═════ Exercise data ═════

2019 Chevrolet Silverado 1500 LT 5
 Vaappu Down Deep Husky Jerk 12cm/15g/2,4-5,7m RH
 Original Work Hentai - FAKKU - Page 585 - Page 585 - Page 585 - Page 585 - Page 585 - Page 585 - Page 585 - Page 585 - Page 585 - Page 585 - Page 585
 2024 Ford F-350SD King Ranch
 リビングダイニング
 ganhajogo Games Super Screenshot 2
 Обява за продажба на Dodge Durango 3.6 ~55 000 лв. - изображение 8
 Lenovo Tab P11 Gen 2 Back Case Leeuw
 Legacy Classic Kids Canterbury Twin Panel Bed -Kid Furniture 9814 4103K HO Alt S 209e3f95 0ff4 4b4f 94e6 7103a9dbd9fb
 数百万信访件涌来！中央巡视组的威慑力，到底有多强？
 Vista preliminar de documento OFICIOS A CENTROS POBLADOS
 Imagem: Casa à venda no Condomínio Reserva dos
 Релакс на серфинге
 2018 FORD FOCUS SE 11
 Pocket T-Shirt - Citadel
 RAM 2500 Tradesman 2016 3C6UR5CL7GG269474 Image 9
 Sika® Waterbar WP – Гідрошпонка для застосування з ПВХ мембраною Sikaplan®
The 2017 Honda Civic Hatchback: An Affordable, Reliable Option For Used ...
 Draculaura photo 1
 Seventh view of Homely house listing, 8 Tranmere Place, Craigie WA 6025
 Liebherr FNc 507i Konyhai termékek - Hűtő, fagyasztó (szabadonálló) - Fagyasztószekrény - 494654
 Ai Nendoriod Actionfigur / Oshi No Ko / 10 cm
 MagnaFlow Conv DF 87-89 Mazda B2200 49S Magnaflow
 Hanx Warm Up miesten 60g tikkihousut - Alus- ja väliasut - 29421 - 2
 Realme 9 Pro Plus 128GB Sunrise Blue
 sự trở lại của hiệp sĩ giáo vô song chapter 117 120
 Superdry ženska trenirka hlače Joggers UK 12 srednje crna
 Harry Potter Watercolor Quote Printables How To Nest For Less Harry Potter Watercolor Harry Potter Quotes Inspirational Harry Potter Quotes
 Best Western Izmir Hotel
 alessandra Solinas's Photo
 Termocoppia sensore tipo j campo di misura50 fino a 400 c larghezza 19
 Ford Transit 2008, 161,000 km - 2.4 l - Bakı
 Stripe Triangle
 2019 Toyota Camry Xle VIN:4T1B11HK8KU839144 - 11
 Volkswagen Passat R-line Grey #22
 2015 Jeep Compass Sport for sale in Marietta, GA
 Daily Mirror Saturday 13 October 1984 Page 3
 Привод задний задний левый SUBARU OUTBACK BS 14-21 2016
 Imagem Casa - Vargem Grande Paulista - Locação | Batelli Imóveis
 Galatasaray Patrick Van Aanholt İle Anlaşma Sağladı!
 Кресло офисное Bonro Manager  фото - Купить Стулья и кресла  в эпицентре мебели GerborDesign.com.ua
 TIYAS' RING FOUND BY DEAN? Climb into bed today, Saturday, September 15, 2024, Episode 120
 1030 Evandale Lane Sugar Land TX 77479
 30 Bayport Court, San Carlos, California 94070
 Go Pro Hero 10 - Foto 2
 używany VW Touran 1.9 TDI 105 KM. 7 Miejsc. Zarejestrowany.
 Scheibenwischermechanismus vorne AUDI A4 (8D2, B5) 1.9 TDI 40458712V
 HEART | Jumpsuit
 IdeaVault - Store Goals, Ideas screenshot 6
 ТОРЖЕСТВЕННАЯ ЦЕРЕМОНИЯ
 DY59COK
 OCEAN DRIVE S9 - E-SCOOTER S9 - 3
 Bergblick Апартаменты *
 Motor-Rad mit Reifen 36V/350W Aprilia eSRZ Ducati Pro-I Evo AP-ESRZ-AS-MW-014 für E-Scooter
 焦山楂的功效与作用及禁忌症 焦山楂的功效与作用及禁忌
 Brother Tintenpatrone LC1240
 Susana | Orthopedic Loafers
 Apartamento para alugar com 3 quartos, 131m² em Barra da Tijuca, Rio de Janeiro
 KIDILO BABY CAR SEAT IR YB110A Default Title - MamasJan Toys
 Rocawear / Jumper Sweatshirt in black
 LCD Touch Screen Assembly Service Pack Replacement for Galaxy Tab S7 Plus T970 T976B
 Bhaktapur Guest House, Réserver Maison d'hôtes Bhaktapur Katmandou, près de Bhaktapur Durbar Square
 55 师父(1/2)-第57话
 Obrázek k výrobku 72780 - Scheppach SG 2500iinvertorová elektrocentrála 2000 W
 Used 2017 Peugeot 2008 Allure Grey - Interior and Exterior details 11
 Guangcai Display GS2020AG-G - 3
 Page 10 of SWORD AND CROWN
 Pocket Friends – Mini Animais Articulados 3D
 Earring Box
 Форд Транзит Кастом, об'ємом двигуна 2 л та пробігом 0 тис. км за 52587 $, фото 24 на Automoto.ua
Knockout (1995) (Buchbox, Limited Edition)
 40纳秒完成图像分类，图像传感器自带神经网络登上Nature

═════

Wherever the word "Pocket" occurs in the data, copy that whole line.

# Output
 Pocket T-Shirt - Citadel
 Pocket Friends – Mini Animais Articulados 3D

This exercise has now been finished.